(Work in progress) NEAT (NeuroEvolution of Augmenting Topologies) is a method developed by Kenneth O. Stanley for evolving arbitrary neural networks. This project is a Python implementation of NEAT. You can find the original paper here.
- Python 3.6 - Tested for python 3.6
- Linux
[Temporary - Adds a command to your .bashrc script that configures the $PYTOHNPATH path variable for you]
$ git clone https://github.com/Samuelimza/NeuroEvolutionOfAugmentingTopologies.git
$ cd NeuroEvolutionOfAugmentingTopologies
$ echo "export PYTHONPATH="\${PYTHONPATH}:$(pwd)"" >> ~/.bashrc
$ source ~/.bashrc
Run tests -
$ python -m unittest discover -s tests
or simply $ ./runTests.sh
NEAT requires only a fitness_function(Neural_Networks)

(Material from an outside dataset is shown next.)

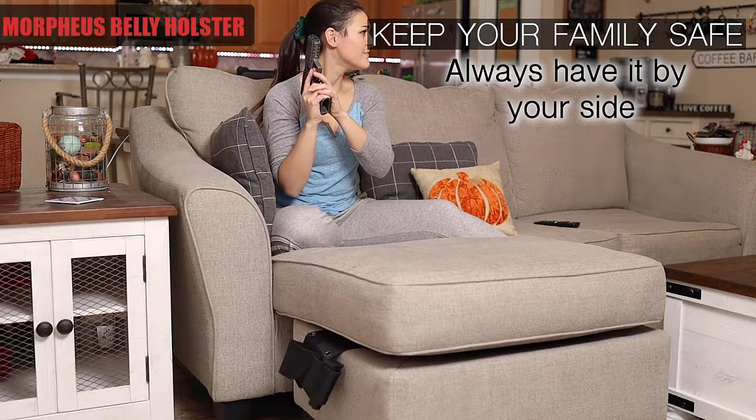All you gotta do whenever you want to resize it is just change the velcro right there and replace. That easy.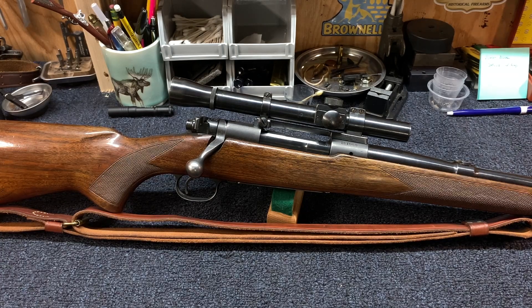If any of you guys watching have an Alaskan or have any cool stories about the Alaskan scope, leave me a note down in the comments. I'd love to hear about it because they're just cool scopes and have a big history to them. Let me know what you guys think, and I'll see you next time.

that evaluates neural networks and returns the fitness in a list as shown below:
import neat
def fitness_function(Neural_Networks):
fitness = []
for neural_network in Neural_Networks:
output = neural_network.activate(input_data)
# Calculate fitness
fitness.append(calculated_fitness)
return fitness
NEAT_instance = neat.Main.NEAT(fitness_function)
NEAT_instance.train()
Osama Azmi - github
Open issues if you discover any bugs or for feedback and contributors are always welcome!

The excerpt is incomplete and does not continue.